= Cray XC30 =

Supercomputer manufactured by Cray

The Cray XC30 is a massively parallel multiprocessor supercomputer manufactured by Cray. It consists of Intel Xeon processors, with optional Nvidia Tesla or Xeon Phi accelerators, connected together by Cray's proprietary "Aries" interconnect, stored in air-cooled or liquid-cooled cabinets. Each liquid-cooled cabinet can contain up to 48 blades, each with eight CPU sockets, and uses 90 kW of power. The XC series supercomputers are available with the Cray DataWarp applications I/O accelerator technology.

In 2014, the Cray XC30 systems appear prominently on the TOP500 supercomputer lists.

==Deployed Cray XC30 systems==

===Europe===
- The Swedish Royal Institute of Technology has a XC30 system.

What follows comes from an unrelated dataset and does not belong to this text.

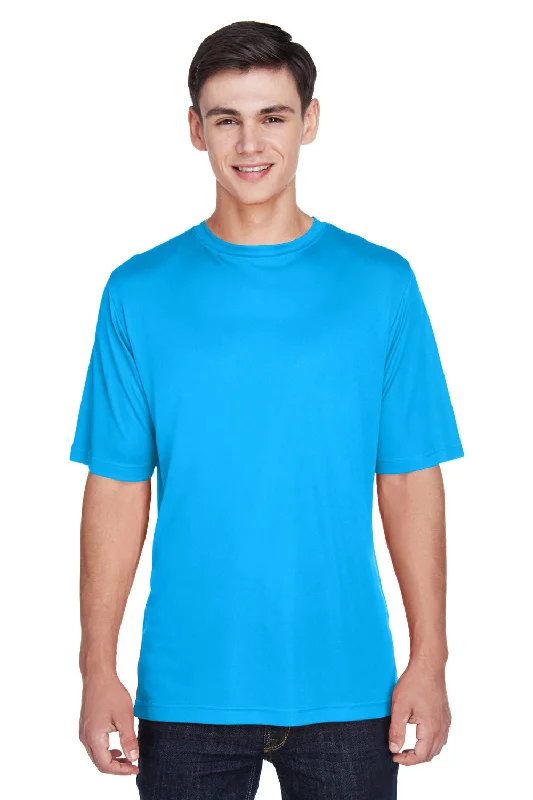 Men's short-sleeve neutral dune tee-Team 365 Mens Zone Performance Moisture Wicking Short Sleeve Crewneck T-Shirt - Electric Blue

The system has a four year budget of SEK 170 million.
- The UK's national high-performance computing facility in Edinburgh has a 118,080-core XC30 called "ARCHER," which cost £43 million.
- There is a 115,984-core XC30 system called "Piz Daint" at the Swiss National Supercomputing Centre, located in southern Switzerland.
- The ECMWF also uses two XC30 to predict the weather.
- The Deutscher Wetterdienst has two XC30s (for redundancy), also used for weather prediction.
- The Danish Meteorological Institute operates a dual XC30 (located at the Icelandic Meteorological Office due to cheaper cooling and electricity). The same supercomputer is used by Iceland to predict national and surrounding weather.

===Japan===
The Center for Computational Astrophysics at the National Astronomical Observatory of Japan had a XC30 system named "ATERUI". This was upgraded to a Cray XC40 system.

===United States===
- The NERSC has a 133,824-core XC30 called "Edison."
- A 225,984-core XC30 system is installed at an undisclosed government location.
- The Air Force Research Laboratory has an XC30 called "Lightning."
- The US Naval Academy has an XC30 hosted at the University of Maryland Institute for Advanced Computer Studies, named "Grace" after Rear Admiral Grace Hopper.

===Australia===
- The Pawsey Supercomputing Centre has a 9,440-core XC30 called "Galaxy." One chassis of this contains GPUs; the rest is all-CPU. Its November 2013 and June 2014, TOP500 entries were before the GPU chassis was installed. This system is used for radio astronomy.